São cem anos de Buendía, a "família de loucos" que repetem uns após outros as mesmas façanhas, os mesmos erros. São cem anos de Macondo, a terra que eles próprios inauguraram e que vão vendo evoluir com a chegada dos ciganos, dos turcos, das francesas e dos americanos que gerem a companhia bananeira.
Se ao princípio ficamos simplesmente com a sensação de que estamos a ler uma série de disparates com uma certa piada, à medida que o monte de páginas se torna maior junto à capa do que à contra-capa percebemos que há ali algo mais do que uma simples história de uma família e de um lugar. Estamos perante uma história de avanços e retrocessos próprios da evolução humana - casar, ter filhos, morrer; revoltas e progressos tecnológicos, alfabetização, analfabetização, a influência do tempo, do governo, do exército. É uma critica à política, à família, à guerra, ao casamento, à tecnologia, ao estudo e ao lazer, à forma como os homens conduzem o seu mundo. Um apelo mudo em forma de gracejo.
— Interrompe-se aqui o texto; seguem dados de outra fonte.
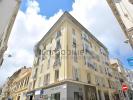 For sale Apartment Nice LEPANTE 06000 21 m2 2 rooms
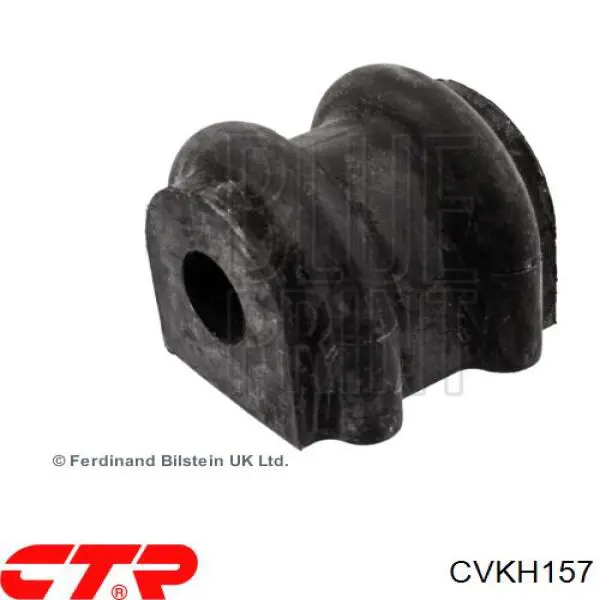 Buje de barra estabilizadora trasera CTR CVKH157 precio, desde 4,19 EUR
De facto, Garcia Marquez não se poupa ao criar as situações mais bizarras e os enredos mais espectaculares, dando à história um humor muito sul-americano que encontrei nos livros de Mário Vargas Llosa e Laura Esquivel. É este humor que vai servindo de cola unificadora da história - é ele que nos prende à história e nos vai passando a crítica, que nos vai mostrando o quão ridículo somos.
É um retrato real de um mundo que se vai criando e destruindo a si próprio, em que as pessoas esquecem as pessoas e são alimentadas por sentimentos egoístas, num ciclo vicioso que se vai repetindo sucessivamente. Para acentuar esta ideia, Garcia Marquéz criou toda uma gama de netos e tetra-netos cujos nomes se vão alterando entre Aureliano, Arcadio e Amaranta, cujos destinos se vão fotocopiando. E que somos nós todos senão uma cambada de Aurelianos e Amarantas?